One of the reasons we probably have not had much interest in numa patches is
that numa systems are not that prevailent. However, numa-like qualites are
showing up in commonly available systems, and I believe we can take
advantage of policies that these patches, such as numa scheduler provide.
Does anyone have any other ideas where numa like qualities lie? x86-64?

-Andrew Theurer

P.S. I am working on a topology patch to send out. It's quite hackish right
now.


2003-01-16 20:19:50

by Linus Torvalds

[permalink] [raw]
Subject: Re: [PATCH] (0/3) NUMA aware scheduler


Applied.

I also have to say that I hope this means that the HT-specific scheduler
stuff will go away. HT _should_ be just another NuMA issue, and right now
the two seem to be just slightly different ways of covering the same
needs.

However, I'm going away for two weeks starting tomorrow, so even if there
is some experimental HT/NUMA patch, I don't want it at this point. The
NUMA scheduler merge is more of a "get the infrastructure in place" thing
for me right now.

Linus

2003-01-16 22:34:32

by Martin J. Bligh

[permalink] [raw]
Subject: Re: [PATCH] (0/3) NUMA aware scheduler

> Applied.

Thank you!

> I also have to say that I hope this means that the HT-specific scheduler
> stuff will go away. HT _should_ be just another NuMA issue, and right now
> the two seem to be just slightly different ways of covering the same
> needs.

Yup, Andrew Theurer from our performance team has been working on this.
Initial results look encouraging.

> However, I'm going away for two weeks starting tomorrow, so even if there
> is some experimental HT/NUMA patch, I don't want it at this point. The
> NUMA scheduler merge is more of a "get the infrastructure in place" thing
> for me right now.

Absolutely. Hopefully by the time you return we'll have a structure for
hyperthreading in place that's reasonably tuned ;-)
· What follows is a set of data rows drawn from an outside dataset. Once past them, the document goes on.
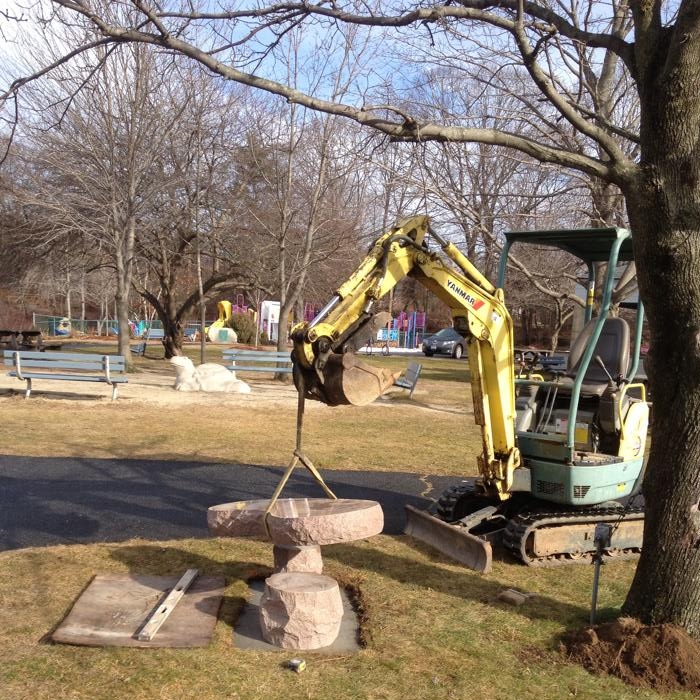 Excavator Setting Granite Bench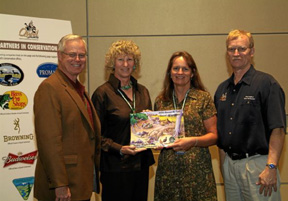 Photograph:  Donna Bayless Ray poses with award.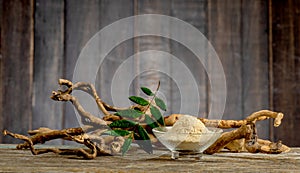 Eurycoma longifolia Jack,dried roots,green leaves and powder on an old wooden background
There's some more tuning and tweaking we could do to the NUMA machines as
well (I'm looking at how to implement Ingo's feedback), but I'm convinced
the infrastructure is correct.

Thanks,

M.

2003-01-20 19:38:41

by Pavel Machek

[permalink] [raw]
Subject: Re: [PATCH] (0/3) NUMA aware scheduler

Hi!

> One of the reasons we probably have not had much interest in numa patches is
> that numa systems are not that prevailent. However, numa-like qualites are
> showing up in commonly available systems, and I believe we can take
> advantage of policies that these patches, such as numa scheduler provide.
> Does anyone have any other ideas where numa like qualities lie? x86-64?

Yep, x86-64 SMP systems are in fact NUMA systems that don't penalize
remote memory *that* badly.
Pavel
--
Worst form of spam? Adding advertisment signatures ala sourceforge.net.
What goes next? Inserting advertisment *into* email?